It is doubtful that Leftist Revolutionaries have employed any tactic more lethal in their war against traditional America than their prolonged attack on American families.  The worst thing about that is not that they are so zealous in working toward that goal; that is to be expected.  It is rather that generations of Americans have made it so easy for them.

I never had the benefit of a large family. Someone will protest immediately that large families are not a benefit but a burden. I concede that both are possible, but I suspect that most people who come from large families would say they are a benefit far more often than a burden.

The neighborhood where I grew up and attended grade school was populated mostly by German, Polish, and Slavic families, many of whom had lived there for 70 or 80 years.  One of my classmates who lived in the same block where I did remembers families with ten or more children.

A newspaperman wrote in 1967:

 “One feature of the neighborhood is its many large families—households of 10 or 15 children are not uncommon.”

    [Richard Krantz, “The ‘Scrubby Dutch’ of South St. Louis”, St. Louis Globe-Democrat, Feb. 8, 1967 ]

On my daily walk to school in the 1950s, I often walked past a house owned by a Polish family who had 10 children.  The children slept on cots placed throughout the house. Meals were served in three shifts.  Not only did they get by; they took pride in caring for their property and the alley out back.  That was part of the moral fabric of people who lived in that neighborhood.

Three blocks away, there was another family with 15 children.  We assigned each of the children chores,” their mother told Mr. Krantz, “and when they left for school in the mornings, all the beds were made and shoes were never left lying on the floor.”  

St. Anthony of Padua Catholic Church was the center of the universe for such families, as it was for my classmates and me.  At a class re-union a few years ago, I overheard my classmate Larry talking with others about our parents and boyhood homes.  Some of them had gone back to that neighborhood in recent years to drive past those houses and compare memories.  Their parents were not independently wealthy, and my classmates marveled now—half a century later—at how they were able to keep family and household together.  The fathers worked and the mothers looked after home and children.
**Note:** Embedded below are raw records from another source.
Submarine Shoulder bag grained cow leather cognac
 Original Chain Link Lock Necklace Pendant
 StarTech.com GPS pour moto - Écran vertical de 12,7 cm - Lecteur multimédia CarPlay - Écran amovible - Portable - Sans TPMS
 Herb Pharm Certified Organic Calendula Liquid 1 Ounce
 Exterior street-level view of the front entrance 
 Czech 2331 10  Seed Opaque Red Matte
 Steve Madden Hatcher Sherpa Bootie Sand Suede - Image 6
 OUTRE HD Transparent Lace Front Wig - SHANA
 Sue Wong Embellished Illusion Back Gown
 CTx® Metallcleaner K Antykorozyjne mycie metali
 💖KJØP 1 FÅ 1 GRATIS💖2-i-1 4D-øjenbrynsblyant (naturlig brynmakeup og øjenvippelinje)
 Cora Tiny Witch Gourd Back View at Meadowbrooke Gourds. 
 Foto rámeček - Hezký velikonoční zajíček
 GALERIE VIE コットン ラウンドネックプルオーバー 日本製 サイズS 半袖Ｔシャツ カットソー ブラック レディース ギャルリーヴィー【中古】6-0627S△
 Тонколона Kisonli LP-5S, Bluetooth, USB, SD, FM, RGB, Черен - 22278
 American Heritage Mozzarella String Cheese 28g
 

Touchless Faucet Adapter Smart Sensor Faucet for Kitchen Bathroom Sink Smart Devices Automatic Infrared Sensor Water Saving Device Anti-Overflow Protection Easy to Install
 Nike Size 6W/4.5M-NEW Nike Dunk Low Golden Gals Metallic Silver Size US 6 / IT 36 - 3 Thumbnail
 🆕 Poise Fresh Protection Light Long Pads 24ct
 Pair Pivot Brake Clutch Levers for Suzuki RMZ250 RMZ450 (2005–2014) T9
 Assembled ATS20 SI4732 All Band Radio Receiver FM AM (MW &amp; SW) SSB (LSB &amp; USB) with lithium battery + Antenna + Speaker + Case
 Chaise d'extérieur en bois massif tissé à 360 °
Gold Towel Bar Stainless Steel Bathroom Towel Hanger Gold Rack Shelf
How were they able to do it? was a question that came up in the conversation, a thought spoken partly in wonder and partly in amazement.  But they could—and they did.  A strong Catholic parish was one reason.  Self-reliance was essential in their moral code; welfare dependence would have been unthinkable.  Then, too, daily life was very different from what it is today:  There were fewer distractions, fewer toys, fewer gadgets, fewer temptations, fewer things.

It was the tail end of a time when grown-ups understood themselves to be grown-up and accepted the corollary responsibilities without reluctance. Parents had a better understanding by far than they do today of what is important and what is trivial. More often than not, they were able to get by on the basis of sheer determination, self-restraint, confidence, and moral certitude. The culture at large did not discourage those things, as it does today.  It was the tail end of an era before longstanding moral and cultural standards–along with the traditional family–would come under vicious attack by those Leftist Revolutionaries and the cultural institutions they would march through and then take over.

And so I extend a tip of my hat to you, Larry, my boyhood classmate and neighbor and fellow baseball player and baseball card collector:  For having the presence of mind to remember such things, to think about such things, to talk about such things; and to remain aware of the moral debt that we owed and owe to those who gave us those wonderful boyhood years in that place at that time.

Laura writes:

What gave those Catholics the strength to have large families?

The sacred liturgy, which has since been purged and banned.

They were also told by clergy that it was mortally sinful to prevent births. That’s a big difference. But even if Catholics today were truly taught that fact, most of them still wouldn’t have the supernatural strength to have large families. That strength comes from one place: the altar.

God makes it possible, not human beings.

We gaze upon a world stripped of sanctifying graces. And courage is nowhere to be found.